À frente da polícia, Fouché estava numa posição privilegiada no duelo entre o Directório e Bonaparte, então no Egipto. Instalando uma sofisticada organização policial e de delação, corrompendo tudo e todos (entre eles Josefina), Fouché sabe mais que todos os comparsas deste drama. Sabe por exemplo que Bonaparte está a caminho de França, enquanto o Directório está tranquilo pois julga-o lá longe a contemplar as pirâmides.

Como ministro da polícia do Directório, Fouché deixou de ser o homem de Barras, para passar a ser o homem de ... Fouché. Barras já não interessava, pois Barras negociava com Luís XVIII a restauração da monarquia. Ora para Fouché, um regicida, este seria o cenário a evitar. A carta de Bonaparte, general que ambicionava o poder, era de longe mais interessante.

Assim, depois da chegada de Bonaparte a Paris, sabe que se prepara um golpe de estado, mas não diz nada. Três meses depois de ter sido nomeado sob proposta de Barras, Fouché trai Barras, pois verifica que os trunfos estão agora do lado de Bonaparte. Faz malograr as negociações de Barras com Luís XVIII, prendendo os agentes monárquicos que tinham os fios da meada e facilita a conspiração bonapartista, embora sem tomar parte nela. Dias antes do 18 de Brumário (9-11-1799) dá uma recepção em sua casa. Quando os convivas se encontram apercebem-se que apenas estão presentes todos os principais conspiradores e ... o presidente do Directório, Gohier (!?) contra o qual era dirigida a conspiração.

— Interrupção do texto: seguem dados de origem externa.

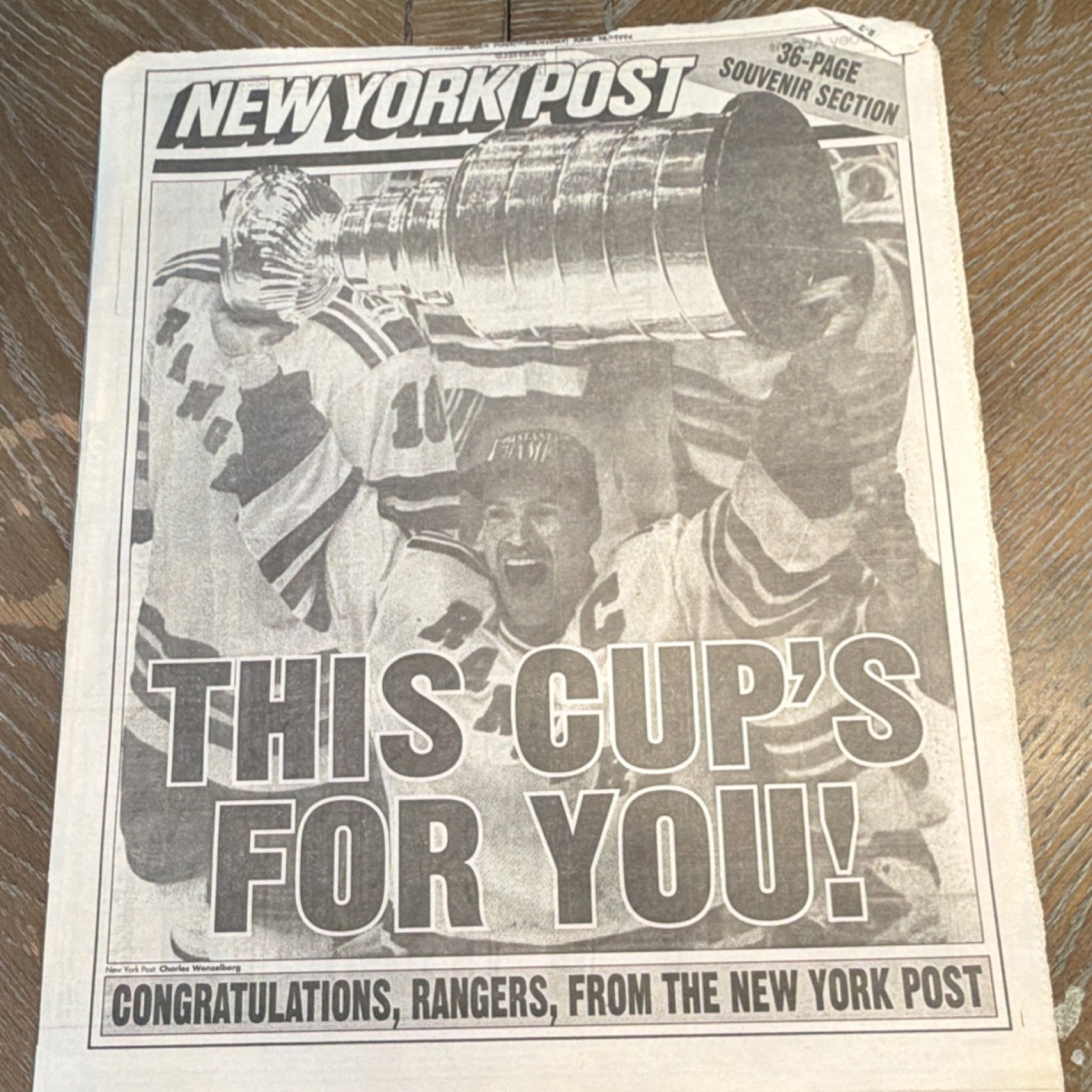 1994 Rangers Newspapers Lot - New York Post, Daily News, Newsday 1994 Rangers Newspapers Lot - New York Post, Daily News, Newsday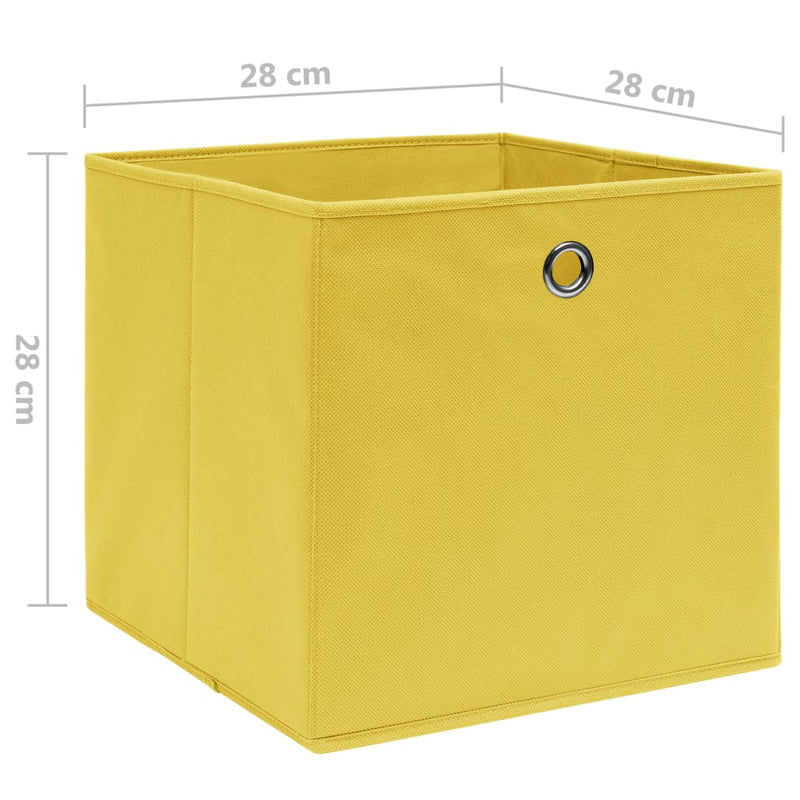 vidaXL 4 db sárga nem szőtt szövet tárolódoboz 28 x 28 x 28 cm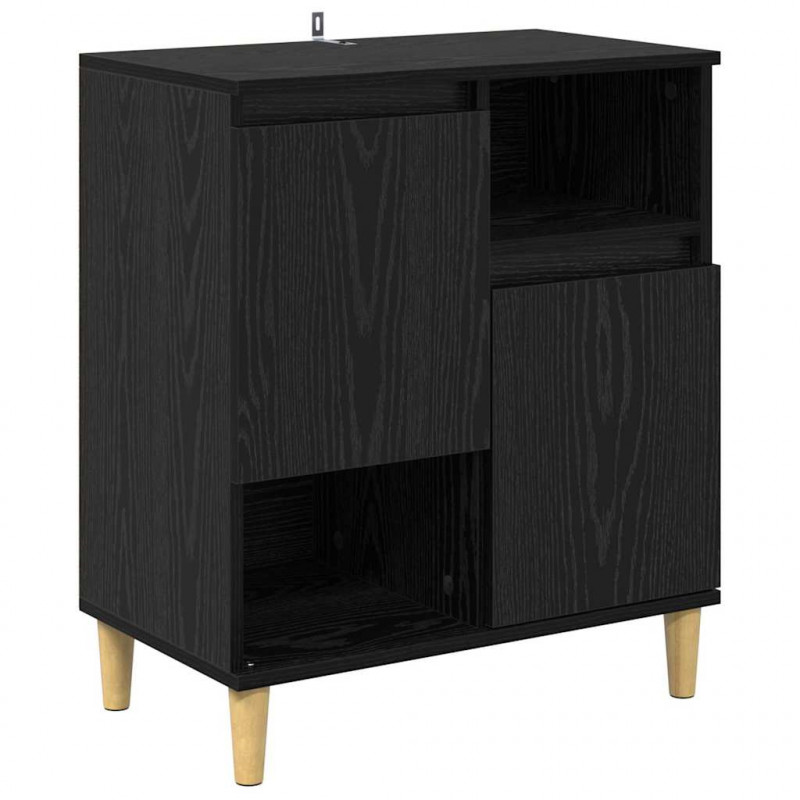 Komody 3 pcs Czarny Dąb 60 x 35 x 70 cm Materiał drewnopochodny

No 18 de Brumário, Fouché controlou sempre a situação. A situação do próprio Fouché, porquanto o nervosismo e as hesitações da “camarilha” de Bonaparte e a incompetência e a tibieza do Directório e dos corpos legislativas mantiveram durante horas as dúvidas sobre para que lado se inclinaria o poder.

Foi Fouché que se encarregou, logo que se desenhou quem seria o vencedor, de elaborar proclamações para a imprensa que davam uma visão completamente distorcida do que havia acontecido, redigidos de forma a evitar que se pusesse em dúvida a legalidade do que afinal não passava de um golpe de estado cesarista.

A primeira acção de Bonaparte, como 1º Cônsul foi a invasão da Itália, para eliminar o dispositivo militar austríaco. A batalha de Marengo selou o triunfo dos exércitos da República. É conhecido o seu desenlace – considerada perdida, tornou-se, horas depois, num triunfo total. Não foi apenas o Barão Scarpia da “Tosca” que recebe a informação da vitória de Melas, no 1º acto, e da sua completa derrota, no 2º acto. A Paris também chegaram essas 2 informações opostas: quando chegou a notícia da derrota de Bonaparte, Carnot e outros dirigentes trataram logo da “herança” do 1º Cônsul. Fouché não se comprometeu, mas também não se opôs. No dia seguinte soube-se da vitória. Carnot foi despedido e Fouché manteve-se, mas sem a confiança de Bonaparte

No natal de 1800, um ano depois do 18 de Brumário, há um atentado contra Bonaparte, de que este escapa ileso, mas que vitima dezenas de pessoas. Bonaparte julga que foram os jacobinos e acusa, encolerizado, Fouché, antigo jacobino, enquanto este mantém que foram os monárquicos. Ao fim de 2 semanas, durante as quais a sua posição esteve periclitante, Fouché tem a sua vitória “à Marengo” – afinal confirmou-se que os autores eram os monárquicos, chefiados por Cadoudal e subvencionados pelos ingleses.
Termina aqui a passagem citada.